Jami: Histoire de deux amants.

Au début du printemps, le calife, à Bagdad, donna joyeux festin sur la rive du Tigre. Il gardait sous le voile une jeune beauté qui versait en chantant de sa bouche le sucre ; quand pareille à Vénus, elle prenait sa lyre, la lyre de Vénus devait faire silence. Elle avait à l’égard d’un page du calife, brillant comme un soleil dans le ciel de l’amour, un tel attachement qu’elle en perdait l’esprit. Ces amoureux étaient enchantés l’un de l’autre — ou plutôt, ils étaient possédés l’un de l’autre. Mais les cent gardiens qui épiaient leurs gestes ne leur permettaient point d’être l’un avec l’autre. Cette beauté voilée fut à bout de patience, dans le feu du désir, brûlant de solitude, et faisant sous le voile ouïr sa belle voix tout en l’accompagnant des accords de sa lyre. Décrivant son amour en une poésie qu’elle mit en musique, elle chanta ceci : « O ciel ! jusquas à quand seras-tu donc perfide, réduiras-tu mon âme, useras-tu ma vie ? Jamais je ne sentis l’ardeur de ton amour.
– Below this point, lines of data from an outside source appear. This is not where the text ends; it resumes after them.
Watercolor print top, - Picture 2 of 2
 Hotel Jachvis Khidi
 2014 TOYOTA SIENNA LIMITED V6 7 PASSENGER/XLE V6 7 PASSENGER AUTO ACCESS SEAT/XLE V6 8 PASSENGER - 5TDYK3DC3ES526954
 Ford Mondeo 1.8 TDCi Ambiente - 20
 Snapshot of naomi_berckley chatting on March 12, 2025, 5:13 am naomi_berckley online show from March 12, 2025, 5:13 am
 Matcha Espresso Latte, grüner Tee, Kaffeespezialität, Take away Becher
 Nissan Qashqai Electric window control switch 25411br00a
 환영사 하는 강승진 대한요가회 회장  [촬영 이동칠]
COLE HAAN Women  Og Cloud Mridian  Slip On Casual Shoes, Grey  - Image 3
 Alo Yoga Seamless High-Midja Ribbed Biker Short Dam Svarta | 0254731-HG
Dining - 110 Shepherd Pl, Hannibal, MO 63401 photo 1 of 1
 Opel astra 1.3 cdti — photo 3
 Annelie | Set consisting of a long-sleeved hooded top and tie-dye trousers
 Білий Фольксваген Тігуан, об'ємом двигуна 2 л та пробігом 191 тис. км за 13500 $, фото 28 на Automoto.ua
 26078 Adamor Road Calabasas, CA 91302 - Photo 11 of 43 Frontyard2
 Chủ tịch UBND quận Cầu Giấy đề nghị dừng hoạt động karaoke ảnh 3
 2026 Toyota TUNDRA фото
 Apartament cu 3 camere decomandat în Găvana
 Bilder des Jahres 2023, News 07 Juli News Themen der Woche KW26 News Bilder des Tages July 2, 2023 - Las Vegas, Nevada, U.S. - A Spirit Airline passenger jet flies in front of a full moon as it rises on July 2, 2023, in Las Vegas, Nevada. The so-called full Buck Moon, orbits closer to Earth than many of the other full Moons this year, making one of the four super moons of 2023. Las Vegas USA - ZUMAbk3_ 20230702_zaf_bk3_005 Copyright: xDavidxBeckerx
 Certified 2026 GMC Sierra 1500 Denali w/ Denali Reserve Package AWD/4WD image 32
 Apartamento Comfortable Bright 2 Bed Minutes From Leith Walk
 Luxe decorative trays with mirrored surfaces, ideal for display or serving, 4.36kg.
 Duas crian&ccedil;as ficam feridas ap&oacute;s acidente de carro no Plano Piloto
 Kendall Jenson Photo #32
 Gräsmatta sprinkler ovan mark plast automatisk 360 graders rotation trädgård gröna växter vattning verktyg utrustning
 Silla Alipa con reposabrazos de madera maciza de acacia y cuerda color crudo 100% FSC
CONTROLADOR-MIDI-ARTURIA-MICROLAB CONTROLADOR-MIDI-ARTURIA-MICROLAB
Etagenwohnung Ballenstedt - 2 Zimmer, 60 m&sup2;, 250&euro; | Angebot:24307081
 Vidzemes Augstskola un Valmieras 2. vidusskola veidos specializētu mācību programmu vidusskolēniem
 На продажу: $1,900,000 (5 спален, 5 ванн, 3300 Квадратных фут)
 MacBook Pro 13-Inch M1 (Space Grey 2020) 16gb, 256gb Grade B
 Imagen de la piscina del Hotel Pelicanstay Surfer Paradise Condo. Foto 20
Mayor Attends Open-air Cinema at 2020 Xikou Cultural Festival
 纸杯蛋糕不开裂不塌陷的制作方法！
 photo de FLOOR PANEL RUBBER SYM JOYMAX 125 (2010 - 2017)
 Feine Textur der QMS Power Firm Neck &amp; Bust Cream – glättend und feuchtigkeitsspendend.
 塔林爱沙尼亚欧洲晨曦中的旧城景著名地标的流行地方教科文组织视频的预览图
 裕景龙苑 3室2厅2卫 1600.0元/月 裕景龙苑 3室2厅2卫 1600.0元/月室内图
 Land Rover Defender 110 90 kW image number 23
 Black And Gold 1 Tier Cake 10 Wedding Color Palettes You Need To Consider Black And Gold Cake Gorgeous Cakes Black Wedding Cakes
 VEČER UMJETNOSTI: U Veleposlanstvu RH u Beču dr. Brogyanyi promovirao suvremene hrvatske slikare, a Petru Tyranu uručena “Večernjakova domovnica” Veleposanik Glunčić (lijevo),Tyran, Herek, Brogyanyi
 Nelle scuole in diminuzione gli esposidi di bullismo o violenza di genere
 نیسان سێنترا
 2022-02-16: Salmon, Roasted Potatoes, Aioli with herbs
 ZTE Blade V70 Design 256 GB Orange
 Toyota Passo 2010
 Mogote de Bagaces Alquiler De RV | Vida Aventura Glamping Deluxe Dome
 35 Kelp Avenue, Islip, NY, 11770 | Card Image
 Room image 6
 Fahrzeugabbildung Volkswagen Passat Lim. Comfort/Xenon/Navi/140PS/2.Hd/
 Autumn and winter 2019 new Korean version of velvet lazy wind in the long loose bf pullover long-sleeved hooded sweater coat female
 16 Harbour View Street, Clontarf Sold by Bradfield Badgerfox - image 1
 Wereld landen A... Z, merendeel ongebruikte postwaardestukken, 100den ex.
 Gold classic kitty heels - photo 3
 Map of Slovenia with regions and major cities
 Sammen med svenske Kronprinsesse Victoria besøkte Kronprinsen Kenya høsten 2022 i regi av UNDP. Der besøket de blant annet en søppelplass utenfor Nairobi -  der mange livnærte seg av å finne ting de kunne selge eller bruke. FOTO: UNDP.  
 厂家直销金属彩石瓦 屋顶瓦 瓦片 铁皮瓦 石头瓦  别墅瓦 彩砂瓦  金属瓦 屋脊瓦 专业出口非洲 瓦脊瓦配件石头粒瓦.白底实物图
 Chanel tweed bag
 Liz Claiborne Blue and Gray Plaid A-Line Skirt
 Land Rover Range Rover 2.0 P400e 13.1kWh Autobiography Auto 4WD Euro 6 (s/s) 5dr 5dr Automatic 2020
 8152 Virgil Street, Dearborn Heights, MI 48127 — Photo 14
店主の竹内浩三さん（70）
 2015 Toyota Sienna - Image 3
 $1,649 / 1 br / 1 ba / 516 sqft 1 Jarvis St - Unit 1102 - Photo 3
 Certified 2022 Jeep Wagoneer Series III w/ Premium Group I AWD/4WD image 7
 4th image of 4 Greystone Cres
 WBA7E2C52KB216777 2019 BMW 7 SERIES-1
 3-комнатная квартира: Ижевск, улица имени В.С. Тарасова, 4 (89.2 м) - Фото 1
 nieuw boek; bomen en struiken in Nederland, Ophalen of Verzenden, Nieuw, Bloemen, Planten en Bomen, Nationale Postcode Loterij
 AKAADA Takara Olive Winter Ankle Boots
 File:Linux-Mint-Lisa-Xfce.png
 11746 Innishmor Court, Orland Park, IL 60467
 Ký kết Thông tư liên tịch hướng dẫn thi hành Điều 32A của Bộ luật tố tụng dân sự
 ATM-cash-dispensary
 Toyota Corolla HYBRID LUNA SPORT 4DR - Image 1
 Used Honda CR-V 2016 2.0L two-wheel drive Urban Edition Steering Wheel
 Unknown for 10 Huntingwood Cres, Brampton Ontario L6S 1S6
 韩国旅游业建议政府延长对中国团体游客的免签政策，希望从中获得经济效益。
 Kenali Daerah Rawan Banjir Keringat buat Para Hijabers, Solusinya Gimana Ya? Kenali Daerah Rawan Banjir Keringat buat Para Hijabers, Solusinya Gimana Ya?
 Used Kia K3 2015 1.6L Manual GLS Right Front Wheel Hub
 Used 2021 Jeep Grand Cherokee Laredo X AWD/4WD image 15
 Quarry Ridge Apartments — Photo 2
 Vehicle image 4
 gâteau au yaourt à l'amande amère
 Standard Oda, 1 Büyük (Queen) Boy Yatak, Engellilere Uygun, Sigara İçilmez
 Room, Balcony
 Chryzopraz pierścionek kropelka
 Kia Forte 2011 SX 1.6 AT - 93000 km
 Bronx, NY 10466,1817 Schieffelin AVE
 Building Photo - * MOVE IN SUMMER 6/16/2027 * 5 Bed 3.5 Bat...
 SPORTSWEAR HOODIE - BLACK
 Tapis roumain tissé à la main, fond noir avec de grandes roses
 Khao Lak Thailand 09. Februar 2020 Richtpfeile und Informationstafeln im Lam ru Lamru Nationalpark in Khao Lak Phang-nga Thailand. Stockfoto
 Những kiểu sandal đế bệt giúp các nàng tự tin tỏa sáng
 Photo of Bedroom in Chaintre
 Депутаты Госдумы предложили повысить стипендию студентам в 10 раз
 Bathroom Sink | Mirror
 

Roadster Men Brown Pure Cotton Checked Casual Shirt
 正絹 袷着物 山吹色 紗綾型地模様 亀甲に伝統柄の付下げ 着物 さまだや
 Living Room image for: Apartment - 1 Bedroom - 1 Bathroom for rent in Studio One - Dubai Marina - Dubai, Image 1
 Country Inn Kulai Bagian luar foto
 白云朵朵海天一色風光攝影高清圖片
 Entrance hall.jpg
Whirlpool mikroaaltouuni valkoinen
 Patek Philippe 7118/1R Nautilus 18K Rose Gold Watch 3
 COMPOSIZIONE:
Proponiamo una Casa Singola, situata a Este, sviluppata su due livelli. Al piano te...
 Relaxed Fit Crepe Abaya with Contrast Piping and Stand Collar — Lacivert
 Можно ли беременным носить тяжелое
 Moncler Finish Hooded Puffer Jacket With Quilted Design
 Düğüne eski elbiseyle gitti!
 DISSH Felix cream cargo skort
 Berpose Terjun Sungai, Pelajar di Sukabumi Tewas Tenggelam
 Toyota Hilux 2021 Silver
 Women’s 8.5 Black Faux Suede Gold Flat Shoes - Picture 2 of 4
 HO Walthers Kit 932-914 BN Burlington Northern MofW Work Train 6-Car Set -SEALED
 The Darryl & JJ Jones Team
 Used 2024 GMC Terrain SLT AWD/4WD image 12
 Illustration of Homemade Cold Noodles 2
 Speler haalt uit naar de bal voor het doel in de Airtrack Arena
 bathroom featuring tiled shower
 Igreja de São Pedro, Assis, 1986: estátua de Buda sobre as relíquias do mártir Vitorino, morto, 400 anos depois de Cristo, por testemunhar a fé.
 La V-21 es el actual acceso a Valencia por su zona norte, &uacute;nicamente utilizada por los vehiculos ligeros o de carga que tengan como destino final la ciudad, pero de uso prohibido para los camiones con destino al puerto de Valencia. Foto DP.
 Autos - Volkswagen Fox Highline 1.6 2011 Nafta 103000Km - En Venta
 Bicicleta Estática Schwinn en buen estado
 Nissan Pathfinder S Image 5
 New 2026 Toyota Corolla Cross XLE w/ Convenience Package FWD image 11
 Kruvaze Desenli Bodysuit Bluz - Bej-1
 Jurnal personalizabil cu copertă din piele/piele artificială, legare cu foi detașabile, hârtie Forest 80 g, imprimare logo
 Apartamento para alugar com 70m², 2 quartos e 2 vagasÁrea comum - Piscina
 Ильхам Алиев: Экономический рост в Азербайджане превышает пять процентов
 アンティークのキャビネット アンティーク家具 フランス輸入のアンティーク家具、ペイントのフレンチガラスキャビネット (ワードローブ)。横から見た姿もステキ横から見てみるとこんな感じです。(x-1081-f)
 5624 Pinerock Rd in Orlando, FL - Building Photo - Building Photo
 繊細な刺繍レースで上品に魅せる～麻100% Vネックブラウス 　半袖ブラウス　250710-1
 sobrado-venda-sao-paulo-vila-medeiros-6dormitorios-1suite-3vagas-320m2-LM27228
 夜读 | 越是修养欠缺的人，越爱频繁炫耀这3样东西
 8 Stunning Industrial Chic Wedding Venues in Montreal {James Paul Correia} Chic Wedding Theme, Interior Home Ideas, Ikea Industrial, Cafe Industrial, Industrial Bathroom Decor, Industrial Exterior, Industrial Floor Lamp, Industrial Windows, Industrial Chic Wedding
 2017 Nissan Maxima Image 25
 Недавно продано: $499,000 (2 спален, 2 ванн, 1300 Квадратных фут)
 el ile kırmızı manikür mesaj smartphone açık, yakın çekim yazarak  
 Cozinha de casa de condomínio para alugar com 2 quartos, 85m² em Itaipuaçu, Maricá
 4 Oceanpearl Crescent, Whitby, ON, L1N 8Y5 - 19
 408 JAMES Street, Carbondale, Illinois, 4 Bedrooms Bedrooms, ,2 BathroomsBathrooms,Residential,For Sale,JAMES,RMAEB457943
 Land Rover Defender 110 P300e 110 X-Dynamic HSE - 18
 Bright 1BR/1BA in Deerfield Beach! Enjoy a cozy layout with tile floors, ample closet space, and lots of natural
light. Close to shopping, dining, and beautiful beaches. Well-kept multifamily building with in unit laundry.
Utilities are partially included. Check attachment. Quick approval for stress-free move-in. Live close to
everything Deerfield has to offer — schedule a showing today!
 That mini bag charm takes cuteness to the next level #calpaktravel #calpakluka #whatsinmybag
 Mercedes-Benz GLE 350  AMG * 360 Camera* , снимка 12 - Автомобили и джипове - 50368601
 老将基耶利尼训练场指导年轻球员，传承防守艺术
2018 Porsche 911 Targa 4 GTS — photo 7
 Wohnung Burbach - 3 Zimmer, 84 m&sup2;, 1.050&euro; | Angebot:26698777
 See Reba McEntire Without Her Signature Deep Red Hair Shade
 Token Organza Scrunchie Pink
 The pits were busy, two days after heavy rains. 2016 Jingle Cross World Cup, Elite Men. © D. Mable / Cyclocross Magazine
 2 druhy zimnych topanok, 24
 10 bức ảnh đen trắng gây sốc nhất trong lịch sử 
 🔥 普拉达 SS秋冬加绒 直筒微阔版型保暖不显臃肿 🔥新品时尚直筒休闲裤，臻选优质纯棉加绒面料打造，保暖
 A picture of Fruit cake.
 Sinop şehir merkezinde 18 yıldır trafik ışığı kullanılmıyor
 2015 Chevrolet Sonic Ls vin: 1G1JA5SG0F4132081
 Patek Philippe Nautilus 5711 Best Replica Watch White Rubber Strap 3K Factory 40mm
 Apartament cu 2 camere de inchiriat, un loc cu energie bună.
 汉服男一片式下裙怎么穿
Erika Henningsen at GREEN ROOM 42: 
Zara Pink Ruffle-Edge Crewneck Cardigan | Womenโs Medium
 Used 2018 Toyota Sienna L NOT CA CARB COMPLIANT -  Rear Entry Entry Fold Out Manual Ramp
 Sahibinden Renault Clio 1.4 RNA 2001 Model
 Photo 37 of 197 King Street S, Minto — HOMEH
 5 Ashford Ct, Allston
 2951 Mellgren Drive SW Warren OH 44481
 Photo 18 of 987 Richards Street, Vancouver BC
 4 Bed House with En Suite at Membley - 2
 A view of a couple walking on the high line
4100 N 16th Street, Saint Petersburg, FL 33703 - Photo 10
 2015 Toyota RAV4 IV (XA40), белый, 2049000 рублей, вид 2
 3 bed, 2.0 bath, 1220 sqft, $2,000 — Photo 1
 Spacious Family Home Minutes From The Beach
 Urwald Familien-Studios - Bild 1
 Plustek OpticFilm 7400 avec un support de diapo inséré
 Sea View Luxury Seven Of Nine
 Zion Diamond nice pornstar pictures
D’être si peu aimée de toi, je suis honteuse. Mieux vaut donc qu’un instant je m’occupe de moi, que je trouve un remède à ma condition. » Au harem se trouvait une fille charmante qui, comme elle, savait déclamer et chanter. « Partout des espions te surveillent », dit-elle, « comment trouveras-tu le remède à tes maux ? — Voici comment », dit-elle en retirant son voile. Telle la lune qui se plonge dans le fleuve, comme un poisson, dans l’onde, elle s’abandonna. Le page se trouvait posté tout près de là : par la séparation son âme était amère. Quand la jeune beauté se jeta dans le Tigre, il la suivit, liant à son cou ses deux bras ; elle en fit tout autant et tous deux disparurent, fuyant ce qui distingue et le toi et le moi, quittant cet univers fait de dualité. O Djâmi ! telle est la coutume de l’amour ; tel est l’amour réel ; le reste n’est que haine. Si tu veux te tourner vers l’océan d’amour, comme ces deux amants, à toi-même, renonce. (Djâmi, Hekmat, p. 263.)